Review:
This inspiring and beautiful step-by-step book is a great reference for your container gardening needs. (Homeplace Happenings)
A comprehensive look at growing plants in pots, from a national expert...Jim Wilson has a down-to-earth approach to planting pots that will give any beginner confidence. (Seattle Post-Intelligencer)
Wilson offers a thoughtfully balanced workbook with a range of information on container gardening that will meet gardeners' needs without straining their attention spans...[T]his slender volume is jammed full of practical information. (Publishers Weekly)
An ideal instruction guide for the novice gardener. (Midwest Book Review)
This book is filled with practical directions on how to coax lush foliage from restricted conditions. Wilson also provides pragmatic tips on selecting and caretaking of plants in various climates. (Foreword Reviews)
Appeared in The Chicago Sun Times.
...Jim Wilson has written this book for us from his vast store of gardening knowledge in a light, entertaining way but based on much practical knowledge. (Joanne S. Carpender National Gardener, Garden Club Of America)
There's information for all skill levels, from beginners who are content to buy planted containers at nurseries to skilled gardeners seeking new cultivars and unusual container forms. (Elizabeth Lee The Atlanta Journal-Constitution)

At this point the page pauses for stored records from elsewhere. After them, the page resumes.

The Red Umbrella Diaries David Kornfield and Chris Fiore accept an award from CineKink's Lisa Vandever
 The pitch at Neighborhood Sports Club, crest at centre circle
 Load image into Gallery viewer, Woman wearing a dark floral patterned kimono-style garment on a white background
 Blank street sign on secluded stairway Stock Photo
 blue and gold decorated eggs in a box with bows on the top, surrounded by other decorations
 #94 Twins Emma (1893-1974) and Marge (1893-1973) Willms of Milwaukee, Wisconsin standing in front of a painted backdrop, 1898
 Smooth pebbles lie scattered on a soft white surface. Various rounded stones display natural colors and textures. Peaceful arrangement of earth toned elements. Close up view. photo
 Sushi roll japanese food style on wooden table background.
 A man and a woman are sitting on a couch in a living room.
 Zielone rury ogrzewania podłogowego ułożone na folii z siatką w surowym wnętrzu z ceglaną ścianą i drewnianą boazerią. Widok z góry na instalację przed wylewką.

TV's Victory garden co-host has written a timely book for container gardeners that is modern in its use of today's manufactured soil, advanced cultivars and lightweight hypertufa containers. His tips and techniques have a down-home wisdom that has brought success to millions of hobby gardeners. (Container Gardens)
From Publishers Weekly:
Citing lifestyle trends like "smaller yards, longer commutes, less time for gardening, and a keener appreciation of plants as an artistic medium," Wilson (former host of The Victory Garden on PBS) offers a thoughtfully balanced workbook with a range of information on container gardening that will meet gardeners' needs without straining their attention spans. Far from a coffee-table book, this slender volume is jammed full of practical information, from the proper proportion of plant to pot, to soilless mixes and fertilizers. At the same time, the book, like Wilson's television show, reveals bits of personality. While some gardeners continue to plant geraniums in "retired work boots," he says, his own weakness is Malaysian pottery glazed a delicious cobalt blue and teal, because they "look so good against green foliage." He devotes an entire chapter to "hypertufas," lightweight containers with the durability of concrete and the ability to take on an attractive patina. He even includes a recipe and instructions for creating your own hypertufa trough. The book's second half contains a condensed encyclopedia of container-friendly plants. Organized according to plant habits (such as low growing and trailing, mounded, or tall and slender) and climates, this palette of plants will empower both novice and master gardener to combine flower, foliage, texture and color for contrast or complement. Wilson's personal favorites, abutilon ("set the pots up on posts so you can look up at the dangling blossoms") and the wishbone flower ("a good 'story' flower for children"), are rounded out with lists of container plants preferred by public gardens representing every clime of the U.S. Color photos not seen by PW. (Jan.)